Malcombe fixa ses doigts, stupéfait.
— J’n’en sais rien. C’est sorti tout seul. Au fait, regarde ça.
Discrètement, il montra le roman abandonné par le type aux lunettes noires et lui fit lire la phrase tapée à la machine.
— C’est William Sa, j’en suis sûr.
Blême, Cassandra s’empressa de fourrer le roman dans son sac.
— On n’aura qu’à aller avec ça à la police.
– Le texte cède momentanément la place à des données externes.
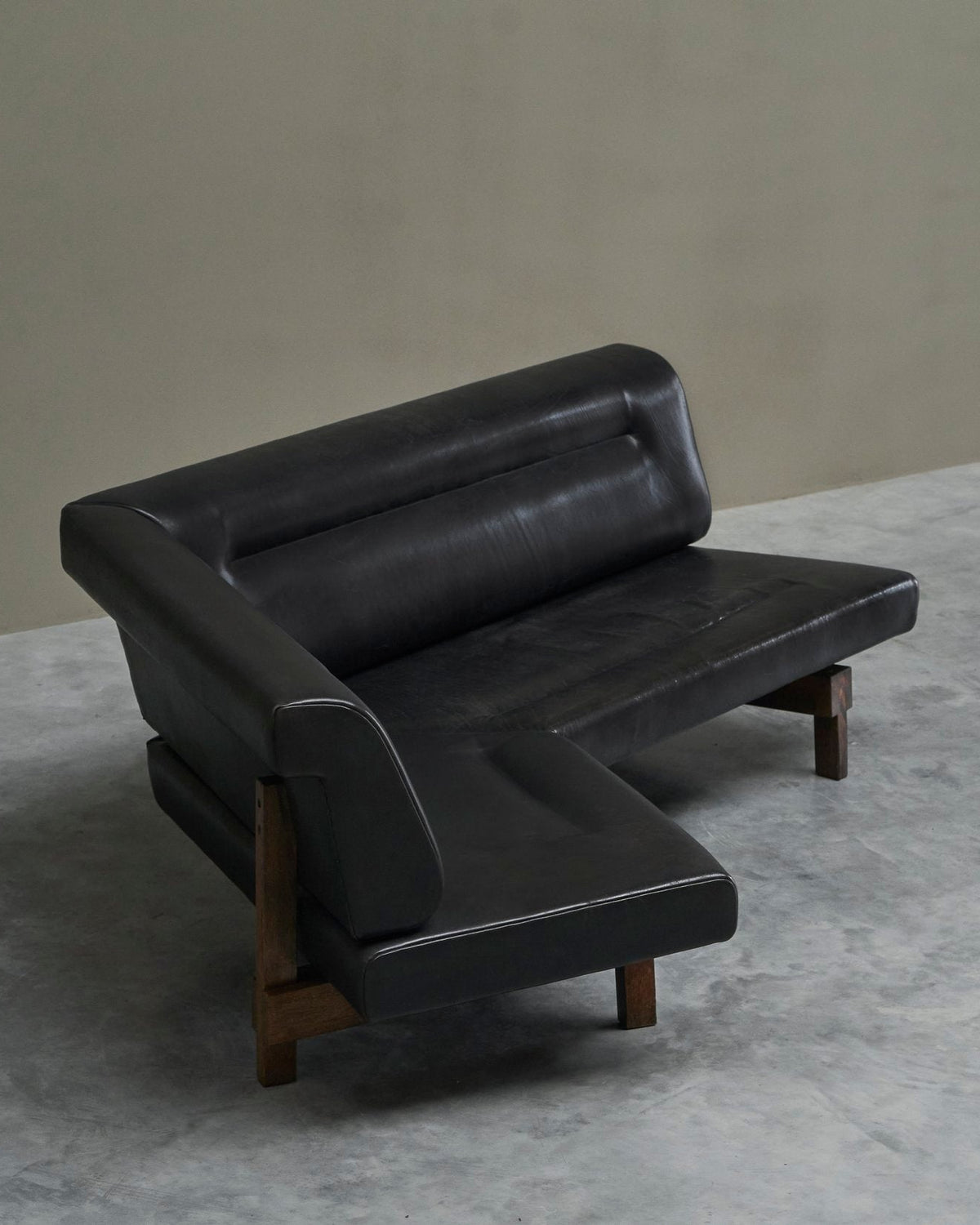 Martin Visser One-Off Boomerang Sofa in Solid Wengé and Black Leather — detail view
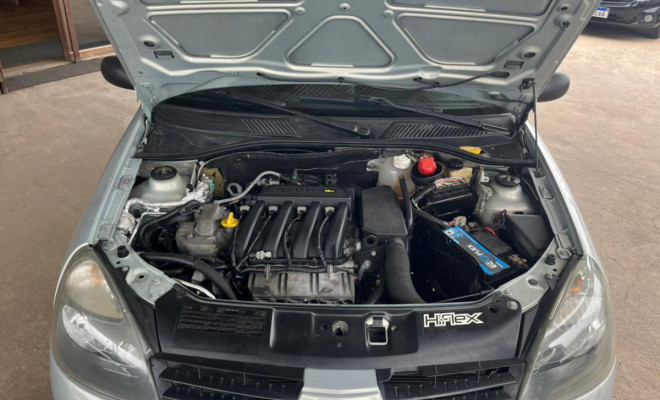 Renault Clio Sed. Authentique Hi-Flex 1.6 16V 4p 2009 Flex-5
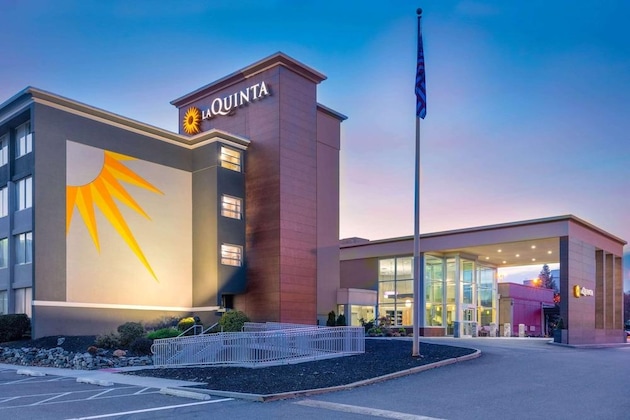 Gallery - La Quinta Inn & Suites By Wyndham Clifton Rutherford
Elle se composa un visage avenant, revint vers l’Asiatique et lui donna le livre. Après avoir lu, il devint rouge comme un drapeau communiste et se mit à gueuler des mots incompréhensibles. Le roman finit par terre, la porte claqua après son départ. Cassandra et Jack se dévisagèrent, incrédules, quand arriva un vendeur paniqué.
— Vous devriez venir, vite !
Cassandra l’interpella et lui tendit le livre.
— Une minute. Vous pouvez traduire ce qui est écrit ?
Il lut et bafouilla, mal à l’aise :
— Pour chat au zoo, je vais te saigner comme un cochon.
L’éditrice et l’écrivain pâlirent. Les clameurs des clients s’élevèrent dans la librairie. Ils se dépêchèrent d’y retourner. Sur place, les insultes fusaient. Maîtrisé par le service d’ordre, un homme se débattait. Une femme se dirigeait vers les caisses, brandissant le roman de Malcombe et exigeant d’être remboursée sur-le-champ. D’autres personnes s’engouffraient dans la boutique, l’air furieux. Le cœur battant la chamade, Jack pivota vers le vendeur.
— Que se passe-t-il ?
Un client le repéra et le prit à partie. Il éventa le livre qu’il avait acheté quelques minutes plus tôt.